Postscript:  Has anyone, by any chance, read After London (1885), a novel by the English nature writer Richard Jefferies?  My understanding is that Jefferies hated London so much that he wrote a novel destroying it. The city's sewers explode, rendering London a poisonous, uninhabitable swamp, killing all who enter it.  Is this novel insane and good, or merely insane?

8 comments:

  1. George Eliot!! I look forward to her thoughts.

    I actually have a similar reaction to The Waste Land itself - he argues that in this modern world everything has descended into the dead-eyed mundane, but it's hard to believe that with such a beautiful, historically-conscious and aesthetically pleasing poem in front of me.

    ReplyDelete
  2. After that trip to Morocco, you're already killing it this year. Sheesh--what is all this?! Where did you find this poem/poet again? It's going to take me a little time to read through all of this--it all sounds fantastic, glancing at it.

    ReplyDelete
  3. This sounds great - I expect secondhand booksellers are selling out even as I write. As to After London, it's a really good post-apocalypse novel (the first?) in a long line that includes great forgotten novels such as John Collier's Tom's a-Cold. Almost everything Jefferies wrote is worth reading - even The Dewy Morn, for its chapter-long paean to the female knee.

    ReplyDelete
  4. Eliot - Thomas Stearns - has an out (or a theme, or point) that B.V. does not, namely that he values culture and beauty and whatnot. The beauty of his poetry is a protest against the world's entropy. Eliot is kicking against the pricks. B.V. claims that he is not.
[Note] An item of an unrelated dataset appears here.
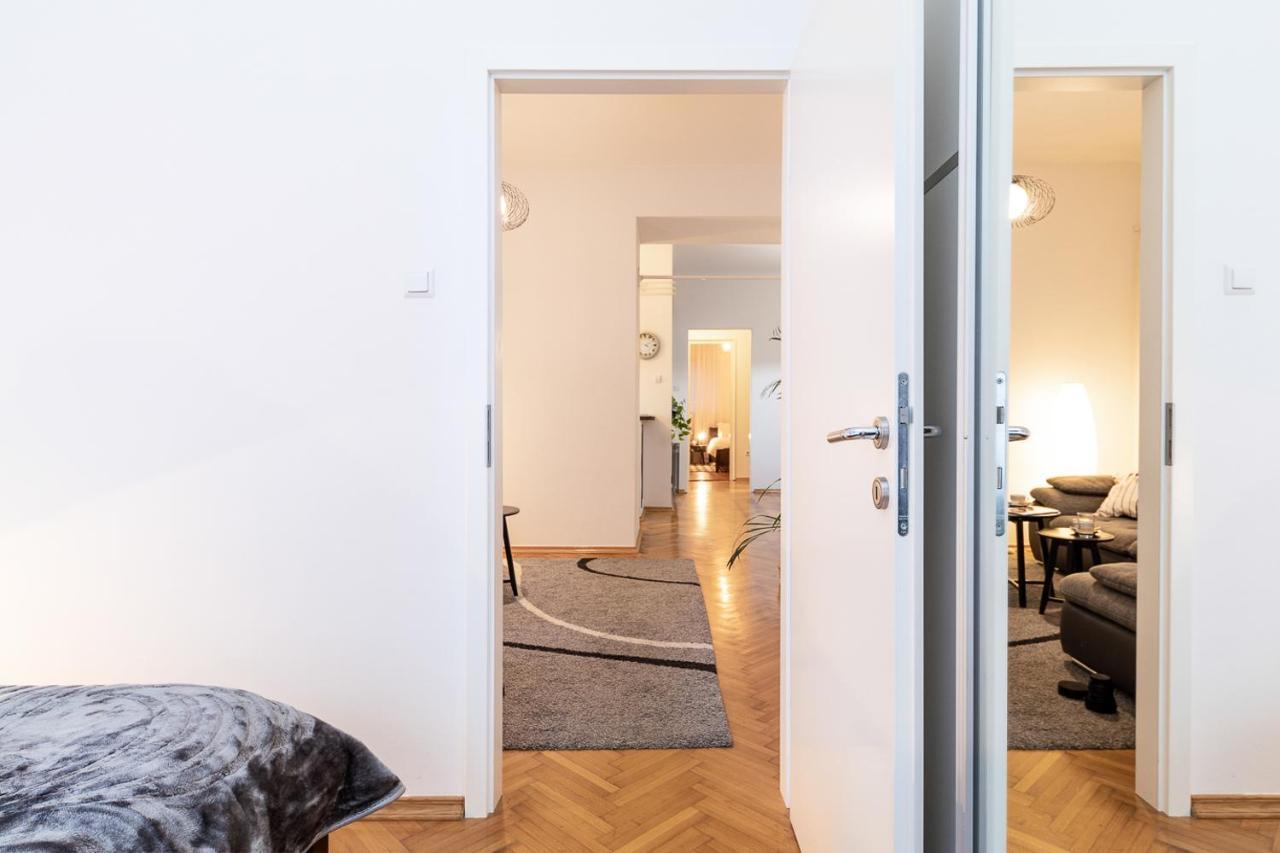 Modern Spacious 3Bdr Apartment In Heart Of Zagreb Buitenkant foto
    zhiv, whaddayamean, where'd I find it? He's Scottish! If it's not Scottish, it's crap.

    Neil - I knew it! I knew that Jeffries novel had to be good. Now the Jeffries novel I read about in Christopher Woodward's In Ruins, a book I'll bet you know. Thanks for the Collier recommendation, too.

    ReplyDelete
  5. I am a big fan of Nerval's Aurelia, and it is both insane and good (can't comment on the other book as never heard of it before). But Nerval, when he wasn't in a good mood and toting his pet lobster around Paris on a blue velvet ribbon, was hugely melancholy and packed his poems choc-a-bloc full of mythological and poetic references. I get the feeling that this was the fashion in alexandrines at the time - lots of references decipherable only to a particular group of people (ie other depressed poets). It was a kind of exotic, excessive moment of wallowing in influence rather than feeling anxious about it. There was enough else for thee poor sods to feel anxious about, it seems.

    ReplyDelete
  6. litlove, if you know Nerval's poems, you know Les Chimeres. That is them. I did my best with "El Desdichado" and "Delphica" during June's exciting Gérard de Nerval Week.

    By the way, we are for some reason discussing something you wrote recently in these comments. Please stop by to correct, redirect, gently admonish, etc.

    ReplyDelete
  7. Why does he do it? Why does he do it so well? It's in the Proem too:
    'Yes, here and there some weary wanderer
    In that same city of tremendous night,
    Will understand the speech and feel a stir
    Of fellowship in all-disastrous fight;
    "I suffer mute and lonely, yet another
    Uplifts his voice to let me know a brother
    Travels the same wild paths though out of sight.'
    Misery loves company. Thompson must have found some small solace in the melancholic works of those poets he referenced, and wanted to share his pain in that tradition. The next stanza begins with the apostrophic "O sad Fraternity" - this is to whom he speaks.

    ReplyDelete
  8. Yes, that's good. The "company" may just be dead poets, but he is then joining the tradition.

    You may well enjoy the post after this one, where Vanolis justifies himself to George Eliot.